Eyre v. McDonough Power Equipment, Inc., 83-4731

Decision Date18 March 1985
Docket NumberNo. 83-4731,83-4731
Citation755 F.2d 416
PartiesMargaret EYRE, Individually and as the Natural Tutrix of the minor child, Michael L. Eyre, Plaintiff-Appellant, and South Carolina Insurance Company, Intervenor-Appellant, v. McDONOUGH POWER EQUIPMENT, INC., Defendant-Appellee.
CourtU.S. Court of Appeals — Fifth Circuit

Davis & Stone, James D. Davis, H. Dillon Murchison, Alexandria, La., Alfred Weisbrod, Troy, Ohio, for plaintiff-appellant.

Steven W. Cook, Alexandria, La., for intervenor-appellant S.C. Ins. Co.

Provosty, Sadler & deLaunay, William H. deLaunay, Jr., Ronald J. Fiorenza, Alexandria, La., for defendant-appellee.

Appeal from the United States District Court for the Western District of Louisiana.

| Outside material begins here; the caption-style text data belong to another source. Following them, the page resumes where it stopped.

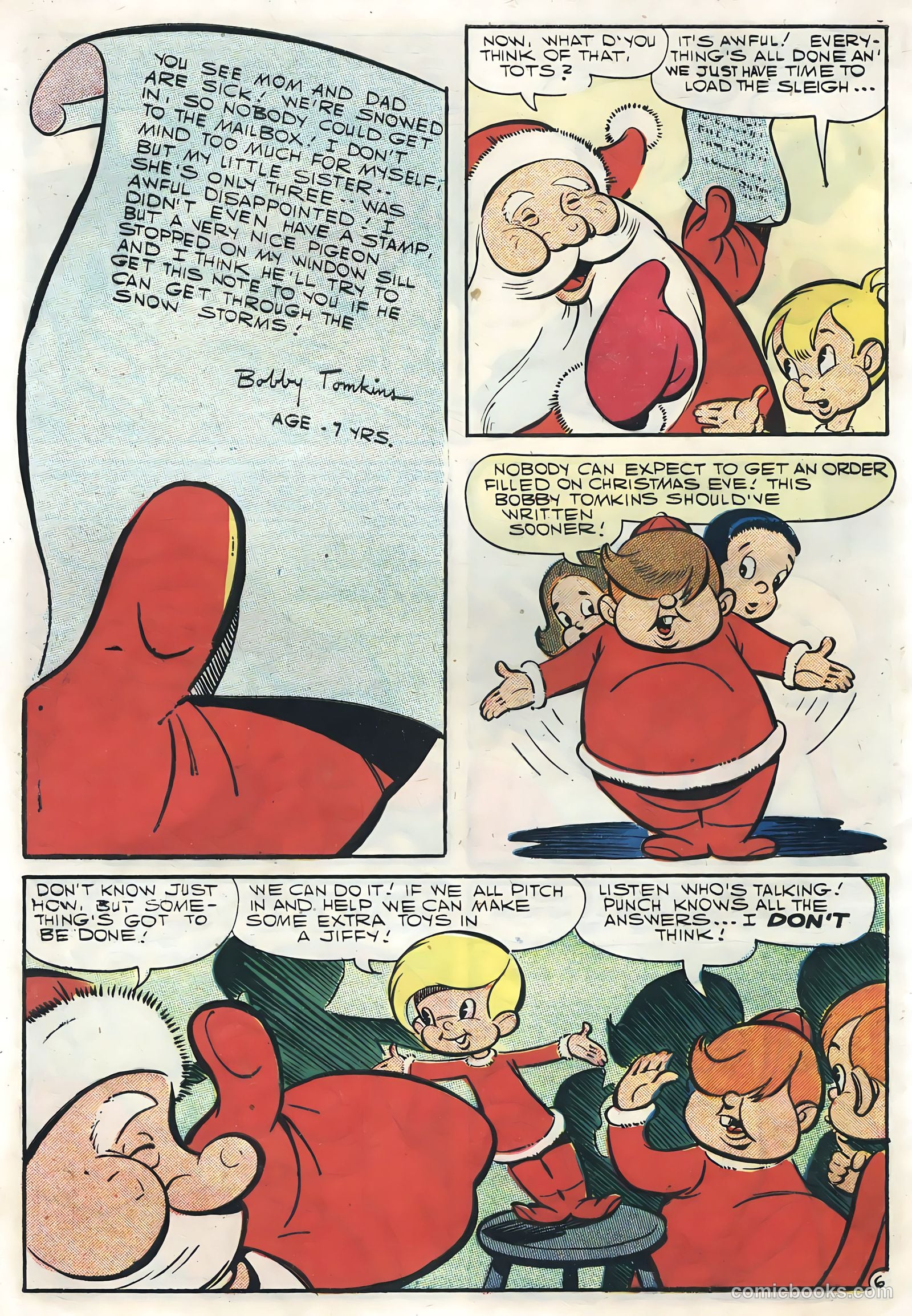 Santa's Tinker Tots #1 (1958) — page 8 of 36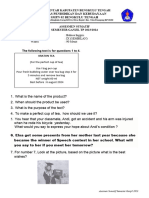 Assement Sumatif Semester Ganjil 2023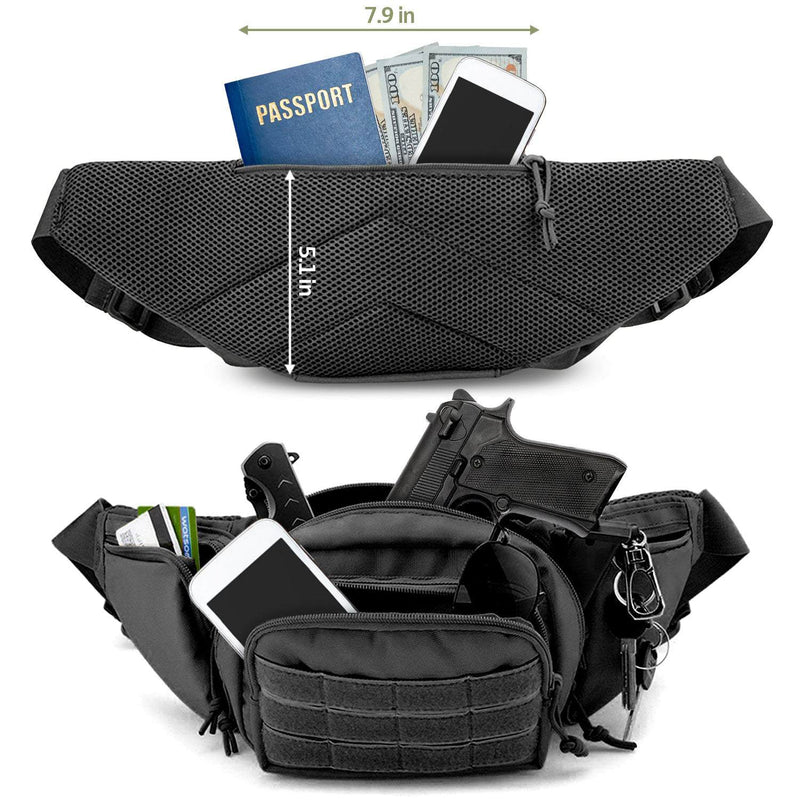 Concealed Carry Fanny Pack Bag For Byrna Launchers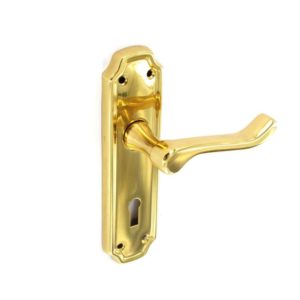 Premier Kempton Brass lock handles 170mm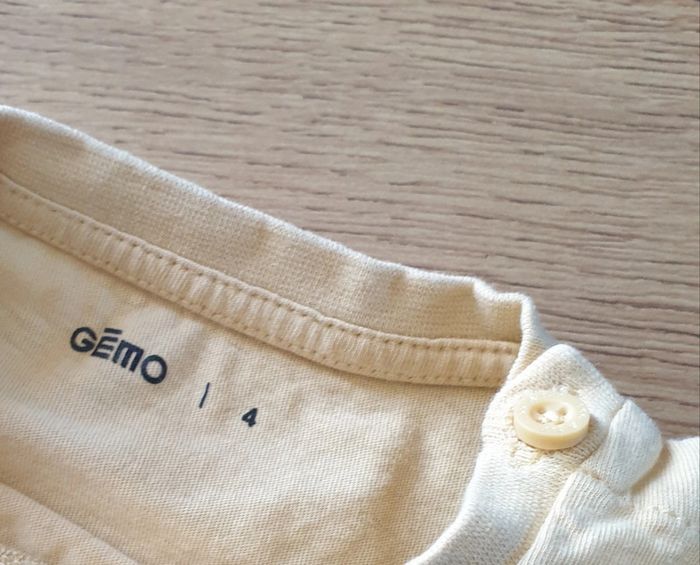 💚 Tee-shirt ML 4 ans Gémo #emyfleury_4ansgarçon - photo numéro 3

Before GEE, REAVLEY, and RANDALL, Circuit Judges.

GEE, Circuit Judge:

This appeal in a Louisiana diversity case requires us to determine whether the evidence presented at trial was of such a kind and character as to require that the plaintiffs' verdict rendered by the jury be left undisturbed, or whether the trial judge's actions in granting judgment non obstante for the defendant, or in the alternative a new trial, were correct. We reverse the judgment but affirm the granting of new trial.

Facts

The action is one in product liability and negligence for claimed design defects and failures to warn of dangerous qualities of a rotary power mower. There was only one witness to the injury, a child then nine years of age, 1 and the main body of the record consists of the conflicting views of five expert witnesses.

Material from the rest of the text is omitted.